The code I have is close, but not working right.
I'm using VS2012 with Python Plugin
I'm passing both Dictionary items into the functions.
def NameExists(best_guess, line):
return all (line in best_guess.values() #Getting Generator Exit Error here on values
for value in line['full name'])
Also, I want to see if there are duplicates within best_guess itself.
def CheckDuplicates(best_guess, line):
if len(set(best_guess.values())) != len(best_guess):
return True
else:
return False
As error is about generator exit, I guess you use python 3.x.
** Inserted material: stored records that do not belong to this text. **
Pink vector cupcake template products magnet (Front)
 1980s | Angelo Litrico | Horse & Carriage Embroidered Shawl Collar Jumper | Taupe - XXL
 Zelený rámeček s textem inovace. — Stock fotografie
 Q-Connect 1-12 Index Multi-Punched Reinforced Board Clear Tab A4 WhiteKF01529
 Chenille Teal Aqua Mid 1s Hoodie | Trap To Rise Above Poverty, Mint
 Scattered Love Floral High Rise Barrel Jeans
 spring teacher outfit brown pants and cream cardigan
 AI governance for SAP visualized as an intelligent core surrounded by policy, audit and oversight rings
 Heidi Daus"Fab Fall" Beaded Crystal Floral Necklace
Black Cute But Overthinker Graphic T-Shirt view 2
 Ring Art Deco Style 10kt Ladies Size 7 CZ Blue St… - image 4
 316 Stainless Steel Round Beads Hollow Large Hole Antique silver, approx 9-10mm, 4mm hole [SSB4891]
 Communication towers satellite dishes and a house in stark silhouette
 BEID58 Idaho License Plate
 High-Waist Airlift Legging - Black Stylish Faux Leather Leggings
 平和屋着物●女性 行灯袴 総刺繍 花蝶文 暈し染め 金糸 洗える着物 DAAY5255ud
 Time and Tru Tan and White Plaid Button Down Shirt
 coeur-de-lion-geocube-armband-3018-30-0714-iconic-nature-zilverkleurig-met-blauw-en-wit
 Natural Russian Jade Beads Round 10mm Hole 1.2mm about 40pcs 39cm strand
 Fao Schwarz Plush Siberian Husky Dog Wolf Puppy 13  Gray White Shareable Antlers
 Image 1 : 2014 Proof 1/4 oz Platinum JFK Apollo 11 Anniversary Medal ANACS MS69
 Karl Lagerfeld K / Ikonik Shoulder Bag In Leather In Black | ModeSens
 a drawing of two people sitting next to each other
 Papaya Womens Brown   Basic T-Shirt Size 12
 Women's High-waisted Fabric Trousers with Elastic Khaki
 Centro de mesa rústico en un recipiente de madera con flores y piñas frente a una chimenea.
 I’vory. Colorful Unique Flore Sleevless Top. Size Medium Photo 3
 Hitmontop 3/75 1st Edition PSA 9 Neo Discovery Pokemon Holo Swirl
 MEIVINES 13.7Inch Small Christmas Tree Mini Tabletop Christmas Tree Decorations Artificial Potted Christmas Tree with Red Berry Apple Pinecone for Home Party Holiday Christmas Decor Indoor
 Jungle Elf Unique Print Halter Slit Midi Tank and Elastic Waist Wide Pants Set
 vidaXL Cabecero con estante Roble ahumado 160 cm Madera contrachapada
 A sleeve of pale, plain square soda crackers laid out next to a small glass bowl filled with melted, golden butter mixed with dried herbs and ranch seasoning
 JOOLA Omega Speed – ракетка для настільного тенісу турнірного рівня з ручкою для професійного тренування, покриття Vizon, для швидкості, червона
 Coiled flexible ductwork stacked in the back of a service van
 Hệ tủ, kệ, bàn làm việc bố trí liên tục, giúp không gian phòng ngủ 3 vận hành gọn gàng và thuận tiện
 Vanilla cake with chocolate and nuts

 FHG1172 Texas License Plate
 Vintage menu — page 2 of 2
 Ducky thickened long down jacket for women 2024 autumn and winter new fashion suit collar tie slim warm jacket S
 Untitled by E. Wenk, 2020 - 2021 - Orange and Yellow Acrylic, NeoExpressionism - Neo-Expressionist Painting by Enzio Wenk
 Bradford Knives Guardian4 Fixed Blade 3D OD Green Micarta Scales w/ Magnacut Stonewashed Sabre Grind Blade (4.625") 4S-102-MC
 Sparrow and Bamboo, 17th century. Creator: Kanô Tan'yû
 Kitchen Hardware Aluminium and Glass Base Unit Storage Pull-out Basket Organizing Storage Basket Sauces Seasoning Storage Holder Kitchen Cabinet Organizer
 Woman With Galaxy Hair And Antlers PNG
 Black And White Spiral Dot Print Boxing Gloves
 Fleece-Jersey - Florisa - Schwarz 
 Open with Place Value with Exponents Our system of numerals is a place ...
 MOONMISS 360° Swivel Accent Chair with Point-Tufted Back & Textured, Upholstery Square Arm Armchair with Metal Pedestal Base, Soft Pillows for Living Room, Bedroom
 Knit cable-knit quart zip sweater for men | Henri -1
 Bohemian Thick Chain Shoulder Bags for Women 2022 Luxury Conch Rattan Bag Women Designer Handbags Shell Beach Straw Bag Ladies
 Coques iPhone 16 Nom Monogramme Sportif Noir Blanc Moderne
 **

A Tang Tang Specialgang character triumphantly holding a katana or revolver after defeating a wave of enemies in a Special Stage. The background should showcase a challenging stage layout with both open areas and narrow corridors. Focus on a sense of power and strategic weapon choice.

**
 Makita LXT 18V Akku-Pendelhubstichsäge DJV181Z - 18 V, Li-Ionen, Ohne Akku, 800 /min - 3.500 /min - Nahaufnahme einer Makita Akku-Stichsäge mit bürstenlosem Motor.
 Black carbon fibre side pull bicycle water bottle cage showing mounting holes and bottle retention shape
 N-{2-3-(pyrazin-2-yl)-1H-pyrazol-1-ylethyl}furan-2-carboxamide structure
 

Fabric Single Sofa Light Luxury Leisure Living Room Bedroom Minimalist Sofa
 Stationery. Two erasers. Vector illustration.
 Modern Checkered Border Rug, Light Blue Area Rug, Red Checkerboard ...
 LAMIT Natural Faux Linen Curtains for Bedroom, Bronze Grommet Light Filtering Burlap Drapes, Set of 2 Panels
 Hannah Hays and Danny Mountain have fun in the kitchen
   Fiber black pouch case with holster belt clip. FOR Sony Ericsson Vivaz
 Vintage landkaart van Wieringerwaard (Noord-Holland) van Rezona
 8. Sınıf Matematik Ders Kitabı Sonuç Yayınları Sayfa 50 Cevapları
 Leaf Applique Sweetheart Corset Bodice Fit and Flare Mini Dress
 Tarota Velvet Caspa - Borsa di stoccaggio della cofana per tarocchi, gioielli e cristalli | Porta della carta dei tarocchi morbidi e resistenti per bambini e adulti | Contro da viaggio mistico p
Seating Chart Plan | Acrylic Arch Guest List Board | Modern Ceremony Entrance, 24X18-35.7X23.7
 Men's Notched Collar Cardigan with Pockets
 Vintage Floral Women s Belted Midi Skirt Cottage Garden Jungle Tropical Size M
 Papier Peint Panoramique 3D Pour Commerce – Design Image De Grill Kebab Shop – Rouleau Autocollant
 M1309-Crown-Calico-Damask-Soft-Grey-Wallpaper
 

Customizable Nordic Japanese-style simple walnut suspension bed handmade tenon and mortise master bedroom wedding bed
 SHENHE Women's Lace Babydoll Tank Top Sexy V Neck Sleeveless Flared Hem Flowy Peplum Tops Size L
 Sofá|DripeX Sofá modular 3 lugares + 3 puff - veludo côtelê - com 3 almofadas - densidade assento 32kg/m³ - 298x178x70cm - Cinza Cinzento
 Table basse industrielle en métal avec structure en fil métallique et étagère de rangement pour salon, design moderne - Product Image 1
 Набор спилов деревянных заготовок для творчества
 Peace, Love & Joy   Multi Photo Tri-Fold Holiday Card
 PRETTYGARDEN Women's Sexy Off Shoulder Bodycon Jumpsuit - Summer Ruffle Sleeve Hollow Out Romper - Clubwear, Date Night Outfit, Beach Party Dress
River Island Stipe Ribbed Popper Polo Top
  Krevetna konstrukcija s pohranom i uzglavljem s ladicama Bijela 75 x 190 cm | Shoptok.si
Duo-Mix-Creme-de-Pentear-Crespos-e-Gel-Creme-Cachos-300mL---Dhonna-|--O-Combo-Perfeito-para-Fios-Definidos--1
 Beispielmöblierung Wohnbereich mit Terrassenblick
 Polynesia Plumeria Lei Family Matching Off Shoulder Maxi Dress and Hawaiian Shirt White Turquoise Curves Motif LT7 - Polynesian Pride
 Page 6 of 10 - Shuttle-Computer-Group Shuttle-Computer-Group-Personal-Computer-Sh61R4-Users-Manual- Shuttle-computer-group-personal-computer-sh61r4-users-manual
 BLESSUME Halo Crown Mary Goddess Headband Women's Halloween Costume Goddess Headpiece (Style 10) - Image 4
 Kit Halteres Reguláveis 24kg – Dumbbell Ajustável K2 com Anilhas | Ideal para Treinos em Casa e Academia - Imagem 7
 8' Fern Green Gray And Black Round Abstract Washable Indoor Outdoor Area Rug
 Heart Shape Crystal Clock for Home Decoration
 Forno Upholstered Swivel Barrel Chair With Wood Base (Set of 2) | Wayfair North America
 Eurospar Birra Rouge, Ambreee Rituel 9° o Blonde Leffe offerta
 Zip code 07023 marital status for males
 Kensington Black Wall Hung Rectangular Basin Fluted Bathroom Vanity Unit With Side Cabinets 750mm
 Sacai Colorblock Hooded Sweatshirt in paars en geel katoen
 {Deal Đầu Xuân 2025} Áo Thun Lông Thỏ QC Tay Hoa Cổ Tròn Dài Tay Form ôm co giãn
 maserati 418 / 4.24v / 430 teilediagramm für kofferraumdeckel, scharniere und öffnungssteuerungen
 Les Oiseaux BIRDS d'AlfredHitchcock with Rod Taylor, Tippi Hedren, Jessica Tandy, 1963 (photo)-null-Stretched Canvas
So best_guess.values() is a generator, which exhaust for the first value in line['full name'] for which a match will not be found.
Also, I guess all usage is incorrect, if you look for any value to exist (not sure, from which one dictinary though).
You can use something like follows, providing line is the second dictionary:
def NameExists(best_guess, line):
vals = set(best_guess.values())
return bool(set(line.values()).intersection(vals))
The syntax in NameExists seems wrong, you aren't using the value and best_guess.values() is returning an iterator, so in will only work once, unless we convert it to a list or a set (you are using Python 3.x, aren't you?). I believe this is what you meant:
def NameExists(best_guess, line):
vals = set(best_guess.values())
return all(value in vals for value in line['full name'])
And the CheckDuplicates function can be written in a shorter way like this:
def CheckDuplicates(best_guess, line):
return len(set(best_guess.values())) != len(best_guess)